Shiroro Youths Raise the Alarm over Bandits’ Attacks

Laleye Dipo in Minna

Some concerned youths from Shiroro Local Government Area of Niger State have declared that the federal and Niger state governments and “our political leaders have failed us,” resulting in bandits taking over the local government area in the last five years.

The youths specifically accused President Muhammadu Buhari of not issuing a single statement to condemn the series of attacks that have claimed hundreds of lives like he has done for other states, adding that the state Governor, Abubakar Sani Bello, had never found it expedient to visit any of the communities attacked by bandits or even the internally displaced people camp in Kuta, whereas he got the second highest votes from the local government area last election.

The Concerned Shiroro Youths made the declaration in Minna yesterday when they addressed journalists on the ‘Incessant banditry in Shiroro Local Government Area; the attendant consequences and our position’ during which they also accused their member in the state House of Assembly of not showing sympathy with the people unless in the company of a delegation.

Speaking through their spokesmen, Bello Ibrahim and Sani Yussuf Kokki, the Concerned Shiroro Youths said: “Without reservation, the federal government has been indifferent to our plights.

“There has been no commensurate effort specifically aimed at flushing out criminal elements in our communities thereby casting doubt in the minds of our people as to whether we are still part of the entity called Nigeria.

“As a matter of facts, we are no longer secure or safe in Shiroro LGA. What is only left for these bandits is to foist their flag and lay claim to the local government area.

“Our patience is exhausted.

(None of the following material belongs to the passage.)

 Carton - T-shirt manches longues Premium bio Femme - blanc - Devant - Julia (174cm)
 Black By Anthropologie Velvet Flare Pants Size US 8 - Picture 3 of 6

Must the government at all levels wait until we are exterminated and our communities and villages wiped out form the world map before doing the needful?”

The Youths also objected to the plan by the state government to repatriate about 1,000 displaced villagers to Manta village from the Bosso Primary School temporary IDP camp near Minna, where they are taking refuge since they were displaced, describing the plan “as inhuman, unwise, unconvincing and a deliberate attempt to further subject the affected victims to misery and avoidable hardship.”